(Extracted records Opens)
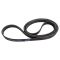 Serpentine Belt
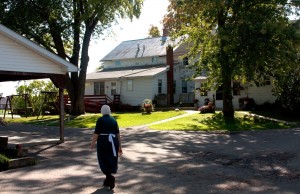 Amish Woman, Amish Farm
(Extracted records Closes)
(Extracted records Opens)
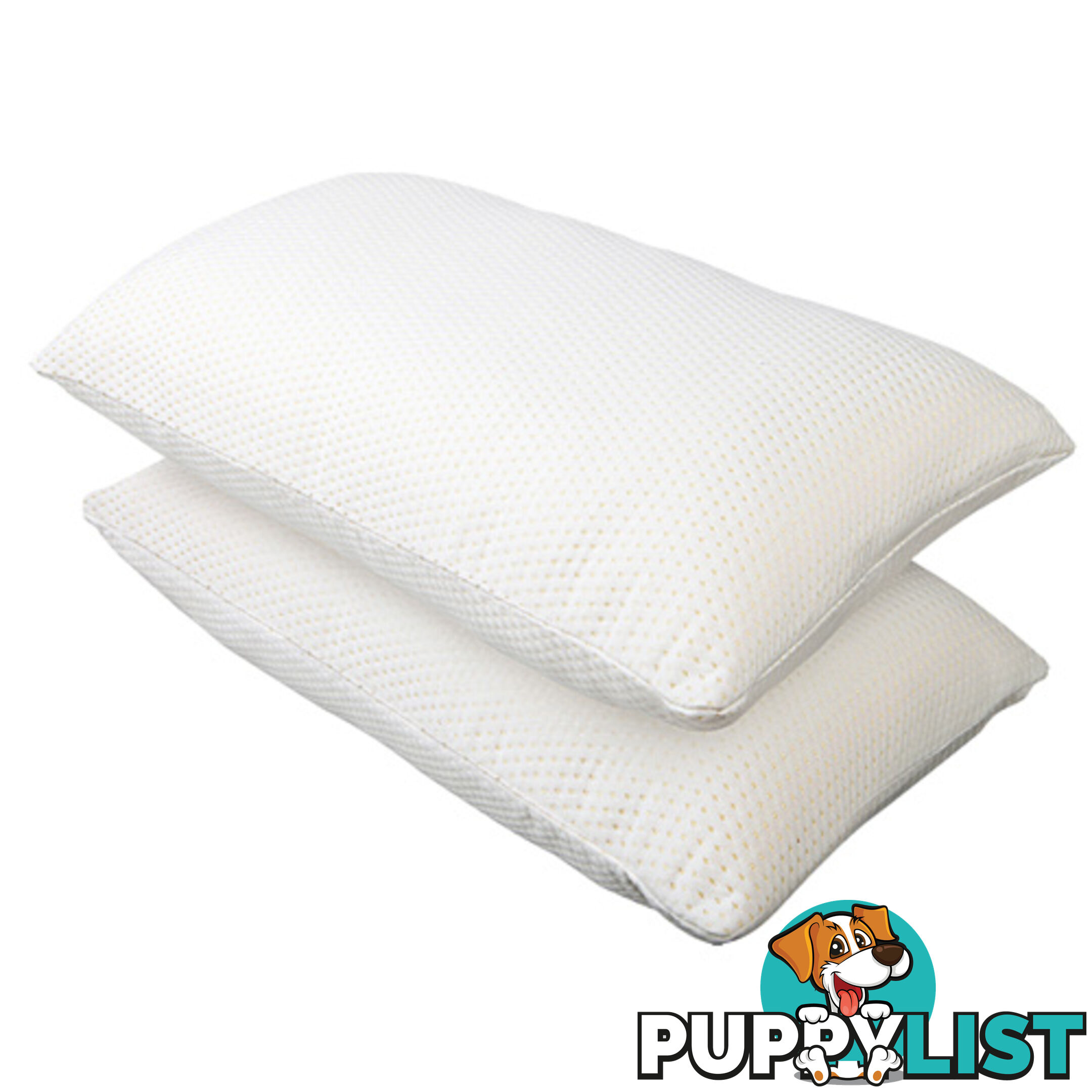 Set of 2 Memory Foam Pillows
(Extracted records Closes)
(Extracted records Opens)
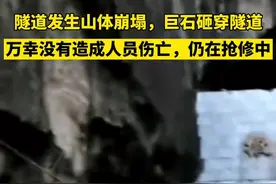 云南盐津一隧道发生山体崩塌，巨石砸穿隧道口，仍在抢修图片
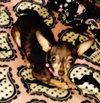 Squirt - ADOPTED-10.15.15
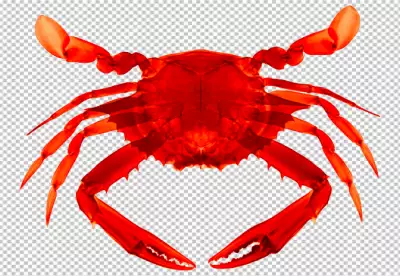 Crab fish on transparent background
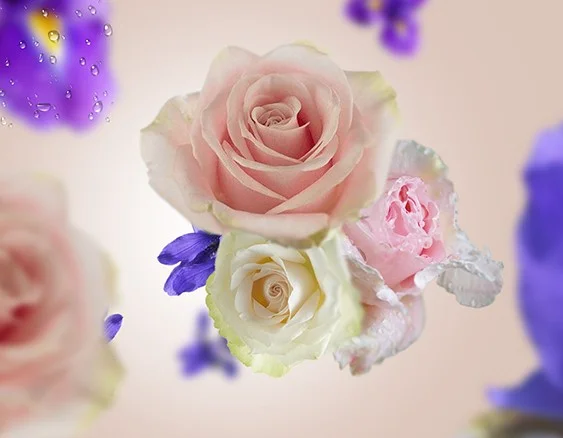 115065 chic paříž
(Extracted records Closes)
Output exactly the lines of the listing above that start with the one holding "云南盐津一隧道发生山体崩塌，巨石砸穿隧道口，仍在抢修图片" and go on through the one holding "115065 chic paříž"; leave the pictures out.

 云南盐津一隧道发生山体崩塌，巨石砸穿隧道口，仍在抢修图片
 Squirt - ADOPTED-10.15.15
 Crab fish on transparent background
 115065 chic paříž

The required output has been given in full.